Problems faced ___________________________________________________

Delay : Two problems that result from high end-to-end delay in a voice network are echo and talker overlap. Echo becomes a problem when the round-trip delay is more than 50 milliseconds. Since echo is perceived as a significant quality problem, VoIP systems must address the need for echo control and implement some means of echo cancellation. Talker overlap (the problem of one caller stepping on the other talker's speech) becomes significant if the one-way delay becomes greater than 250 milliseconds. The end-to-end delay budget is therefore the major constraint and driving requirement for reducing delay through a packet network.
Jitter (Delay Variability): Jitter is the variation in inter-packet arrival time as introduced by the variable transmission delay over the network. Removing jitter requires collecting packets and holding them long enough to allow the slowest packets to arrive in time to be played in the correct sequence, which causes additional delay. The jitter buffers add delay, which is used to remove the packet delay variation that each packet is subjected to as it transits the packet network.
Packet Loss : IP networks cannot provide a guarantee that packets will be delivered at all, much less in order. Packets will be dropped under peak loads and during periods of congestion (caused, for example, by link failures or inadequate capacity). Due to the time sensitivity of voice transmissions, however, the normal TCP-based re-transmission schemes are not suitable. Approaches used to compensate for packet loss include interpolation of speech by re-playing the last packet, and sending of redundant information. Packet losses greater than 10% are generally not tolerable.


Solutions ________________________________________________________

Maintenance of acceptable voice quality levels despite inevitable variations in network performance (such as congestion or link failures) is achieved using such techniques as compression, silence suppression, and QoS-enabled transport networks. Several developments in the 1990s, most notably advances in digital signal processor technology, high-powered network switches, and QoS-based protocols, have combined to enable and encourage the implementation of voice over data networks. Low-cost, high-performance DSPs can process the compression and echo cancellation algorithms efficiently.

Software pre-processing of voice conversations can also be used to further optimize voice quality. One technique, called silence suppression, detects whenever there is a gap in the speech and suppresses the transfer of things like pauses, breaths, and other periods of silence. This can amount to 50-60% of the time of a call, resulting in considerable bandwidth conservation. Since the lack of packets is interpreted as complete silence at the output, another function is needed at the receiving end to add "comfort noise" to the output.

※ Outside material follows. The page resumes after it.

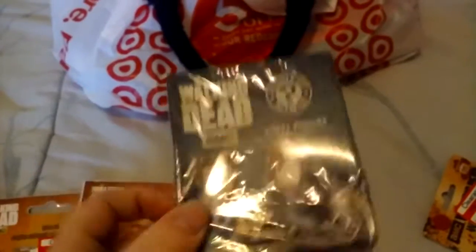This was not on clearance, but it was the last one they had, so I just grabbed it. I'm probably going to do an opening with my kids later because they like blind boxes.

Another software function that improves speech quality is echo cancellation. As was noted earlier, echo becomes a problem whenever the end-to-end delay for a call is greater than 50 milliseconds. Sources of delay in a packet voice call include the collection of voice samples (called accumulation delay), encoding/decoding and packetizing time, jitter buffer delays, and network transit delay. The ITU recommendation G.168 defines the performance requirements that are currently required for echo cancellers.

Engineering a VoIP network (and the equipment used to build it) involves trade-offs among the quality of the delivered speech, the reliability of the system, and the delays inherent in the system. Minimizing the end-to-end delay budget is one of the key challenges in VoIP systems. Ensuring reliability in a "best effort" environment is another. Equipment producers that offer the flexibility to configure their systems to fit the environment and thereby optimize the quality of the voice produced will have a competitive advantage.